Here’s a quick one. It’s not very useful for anyone who’s already a week or more back to school, but for my colleagues who don’t go back until Labor Day, this might still be handy for you.

In years past, I would typically spend one of the first few days back to school having my returning students tell me about their vacation. Usually I would just ask questions to my level 2s, but then I had the problem of everyone who wasn’t that student totally tuning out. My Spanish 3s generally would have to write their story. The 4s would have to give a short verbal description and that was okay, but not great.

This year, I decided to do something different, and it was brilliant and worked exactly the way I wanted it to. Using Google Slideshow, I made a really basic slideshow with a student’s name on each slide, and the rest was blank. Then I posted it to Google Classroom and allowed everyone editing access. All they had to do was put one picture from their summer (or a stand-in from the internet) on the slide with their name. I previewed the slides before class and prepped some possible new vocabulary needed based on their pictures (feria/parque de atracciones/equipo were the most useful). Then the next day, I showed the slideshow and asked them questions about their picture.

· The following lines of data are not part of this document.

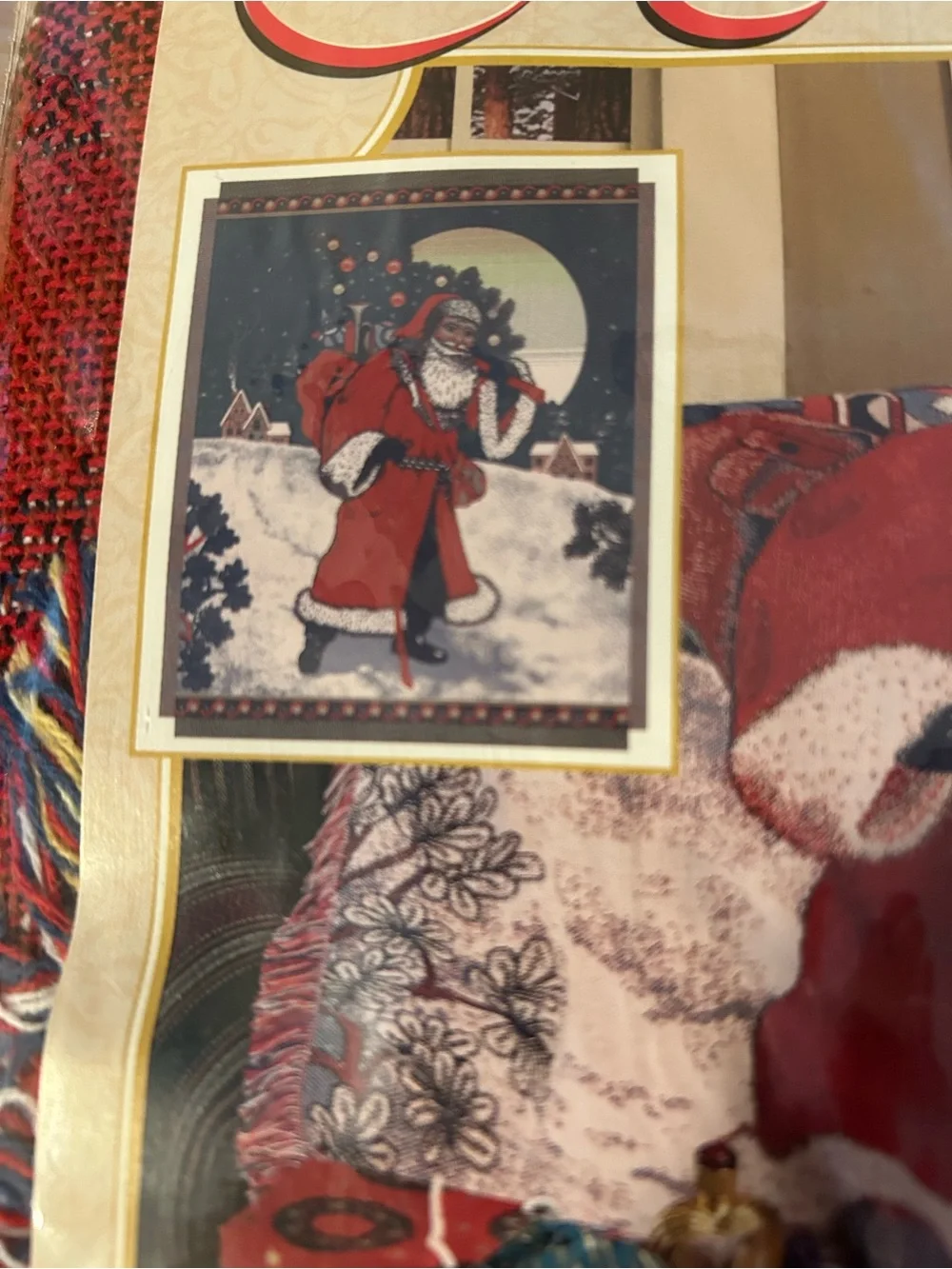 1996 Holiday Throw Blanket by Holiday Throw - Red, White & Green Santa Design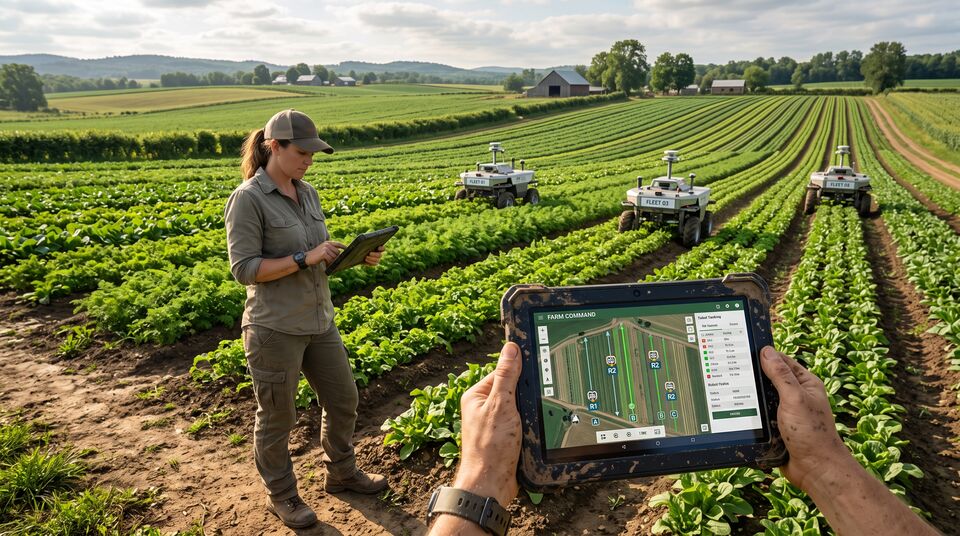 Tecnica con tablet supervisiona una flotta di robot diserbanti in campo di insalata, agricoltura di precisione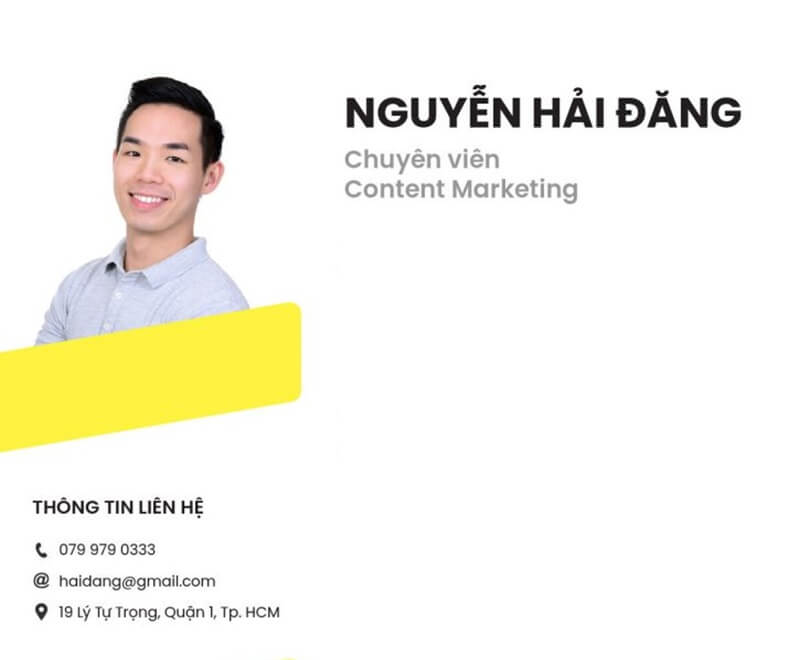 Phần thông tin cá nhân trong mẫu CV xin việc trái ngành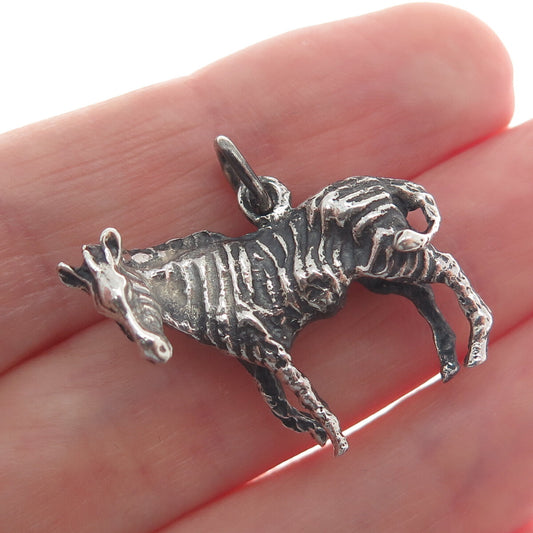 925 Sterling Silver Vintage Zebra Oxidized 3D Charm Pendant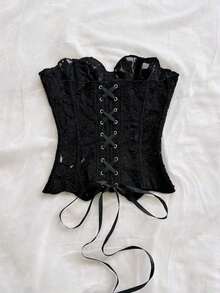 Corset ajustado de dos capas con diseño vanguardista y sexy, propio de vacaciones, para jóvenes de estilo europeo y americano, en color caqui con bordado calado - Negro - Ver 2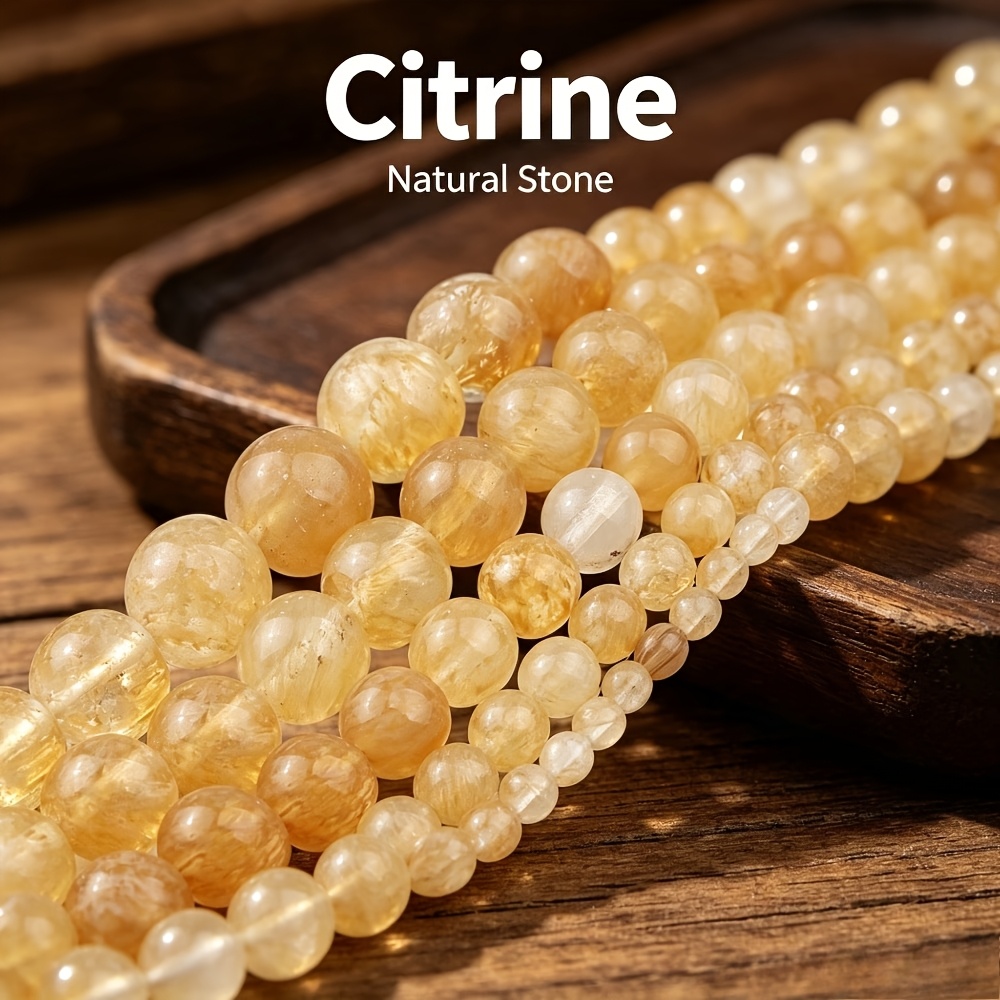 TEMU 5a Grade Natural Citrine Round Stone Beads, Very Suitable For Making Jewelry And Crafts, Used For Making Bracelets, Necklaces, And Earrings. Are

Like I said, it was brilliant and perfect (except for the one kid who didn’t put a picture, of course, but that’s life). The visual gave something for everyone to reference as we talked, and it was COMPELLING because in many cases, other students in the class were in the pictures and wanted to hear about themselves, or added details to the story. I did the question-asking, because it kept our vocabulary in bounds and allowed me to prepare a vocab list ahead of time. Since I was asking the questions, I controlled whether we spoke in present tense or past tense as appropriate. It also gave tons of reps on question words.

This activity is definitely a keeper in my book. It was engaging, it was repetitive without being boring, and required about 3 minutes of prep on my end. If you’re not a Google school, you could easily modify it by sharing out a Google Slideshow through the kids’ school email and using that, you could have them each bring in a printed picture to show as you talk, or worst case scenario, have them draw something to represent their summer and go from there. Whatever works for you and your classroom.